As Lenin pointed out, this is not genuine “radicalization,” but a desperate reaction by social strata that are losing their relative privileges without acquiring an internationalist class consciousness.
The shadows of the interregnum
The “old world” dies with every new crisis, but the “new” one has not yet been born, and in that twilight emerge the monsters that channel fear and rage toward regressive solutions. Understanding all the components of the crisis is the prerequisite for forging a socialist way out, for beginning to build the communist future.
Post-Cold War neoliberalism dreamed of a global capitalism under U.S. hegemony; it did not foresee the rise of China as an economic and military power, which challenges technological dominance and the dictatorship of the dollar.

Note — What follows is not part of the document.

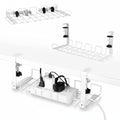 Two white under desk cable management trays with clamp mounting systems, shown attached to a desk frame, with open wire mesh design for cable threading.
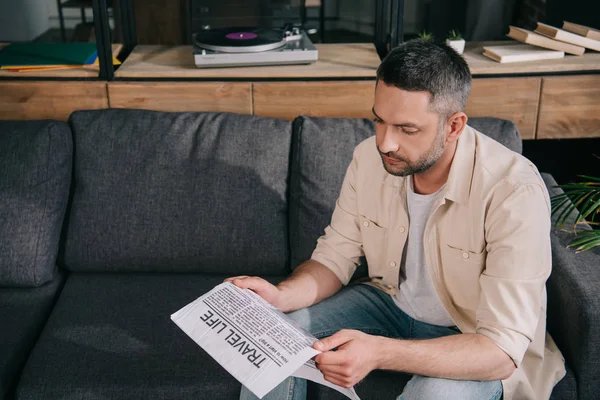 Aufmerksamer Mann liest Zeitung im Reiseleben, während er zu Hause auf dem Sofa sitzt — Stockfoto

The trade and technology war between the U.S. and China, the sanctions policy, European rearmament, the NATO and Ukraine war against Russia, and the aggression against Iran by the Zionist entity of Israel and the United States are reflections of what Lenin repeatedly emphasized: that the unequal division of the world generates periodic imperialist wars.
For Lenin, these contradictions signal that the system can no longer be managed through consensus: war becomes a routine instrument for reconfiguring domination.
Thus, the illustrious leader of the Bolshevik Revolution analyzed how the bourgeoisie, when its domination is threatened by the class struggle, resorts to openly dictatorial and demagogic methods.
The responses were, are, and will be Bonapartism and fascism—the dissolution of traditional bourgeois-democratic channels—appealing to the petty bourgeoisie and disenfranchised sectors of the working class with anti-elite rhetoric, while imposing anti-popular austerity measures and paving the way for more overt repression against popular movements.
Marx described Bonapartism as an executive power that places itself above the classes in struggle, balancing their forces in the service of capital.
The “leader” presents himself as “the defender of the working people” against the elites, but governs for the wealthiest; he transforms the organic crisis into a scapegoat: the culprits are not capital or the system, but immigrants, Chinese, or the “globalists.” (emphasis added, ed.)
In this way, it shifts the class struggle onto ethnic-nationalist terrain. It is a form of what Gramsci would call “passive revolution”: they incorporate demands, but empty them of anti-capitalist content, redirecting them toward hatred of the other.
The new anti-elite movements draw their support primarily from small business owners and rural landowners—who see their position threatened by large chains and global competition—workers in declining industries—who have lost their union organization and class consciousness—and the impoverished middle class—who fear falling into the proletariat.
To all of them, they offer a “capitalism with a national face,” not questioning private property or exploitation, but putting it at the service of “our own people.”
Unlike Keynesianism or social democracy, Marxism-Leninism maintains that the crisis of neoliberalism is terminal for capitalism as a whole, not just for one variant of it.
Faced with these monsters, the reformist temptation is to call for a “return to normalcy”—and the temptation is strong. Why foment chaos? It is better to wait for the crisis to automatically generate revolutionary consciousness.
Meanwhile, the bourgeoisie will continue to offer monsters, wars, and barbarism. The task of communists is to transform the tribulations of the masses into revolutionary consciousness, exploiting every crack in the system to advance toward the only alternative: socialism.